(Web page caption snippets)
BEGIN

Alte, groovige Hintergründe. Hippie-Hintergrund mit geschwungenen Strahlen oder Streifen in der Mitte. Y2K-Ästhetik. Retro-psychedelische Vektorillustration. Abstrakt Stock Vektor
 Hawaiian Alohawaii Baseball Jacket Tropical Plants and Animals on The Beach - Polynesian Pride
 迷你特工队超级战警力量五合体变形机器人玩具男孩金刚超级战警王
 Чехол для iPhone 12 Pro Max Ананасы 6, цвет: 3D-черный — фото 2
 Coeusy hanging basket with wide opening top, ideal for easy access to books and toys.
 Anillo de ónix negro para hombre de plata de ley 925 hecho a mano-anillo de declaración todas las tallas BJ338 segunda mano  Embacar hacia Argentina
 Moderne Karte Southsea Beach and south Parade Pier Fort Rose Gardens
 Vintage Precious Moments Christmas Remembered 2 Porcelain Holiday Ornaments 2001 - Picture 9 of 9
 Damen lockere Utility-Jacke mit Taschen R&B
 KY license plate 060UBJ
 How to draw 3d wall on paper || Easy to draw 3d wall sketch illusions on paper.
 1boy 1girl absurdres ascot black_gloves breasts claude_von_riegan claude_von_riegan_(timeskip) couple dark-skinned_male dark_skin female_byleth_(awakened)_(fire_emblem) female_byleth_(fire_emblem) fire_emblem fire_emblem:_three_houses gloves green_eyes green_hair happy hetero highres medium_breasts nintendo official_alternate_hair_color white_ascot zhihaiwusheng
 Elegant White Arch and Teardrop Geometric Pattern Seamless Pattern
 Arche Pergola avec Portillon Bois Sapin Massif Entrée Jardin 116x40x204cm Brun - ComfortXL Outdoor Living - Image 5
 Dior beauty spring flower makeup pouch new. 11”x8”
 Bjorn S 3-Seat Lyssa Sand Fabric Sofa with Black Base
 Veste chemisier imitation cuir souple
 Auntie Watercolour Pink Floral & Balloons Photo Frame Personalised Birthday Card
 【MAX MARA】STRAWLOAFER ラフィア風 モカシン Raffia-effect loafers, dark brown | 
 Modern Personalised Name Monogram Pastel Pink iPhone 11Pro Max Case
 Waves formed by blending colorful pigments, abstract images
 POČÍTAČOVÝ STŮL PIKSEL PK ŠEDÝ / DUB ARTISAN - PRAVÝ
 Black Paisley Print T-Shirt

END

Beginning with the line that contains "Veste chemisier imitation cuir souple", set down every line through the end of the data without change.

 Veste chemisier imitation cuir souple
 Auntie Watercolour Pink Floral & Balloons Photo Frame Personalised Birthday Card
 【MAX MARA】STRAWLOAFER ラフィア風 モカシン Raffia-effect loafers, dark brown | 
 Modern Personalised Name Monogram Pastel Pink iPhone 11Pro Max Case
 Waves formed by blending colorful pigments, abstract images
 POČÍTAČOVÝ STŮL PIKSEL PK ŠEDÝ / DUB ARTISAN - PRAVÝ
 Black Paisley Print T-Shirt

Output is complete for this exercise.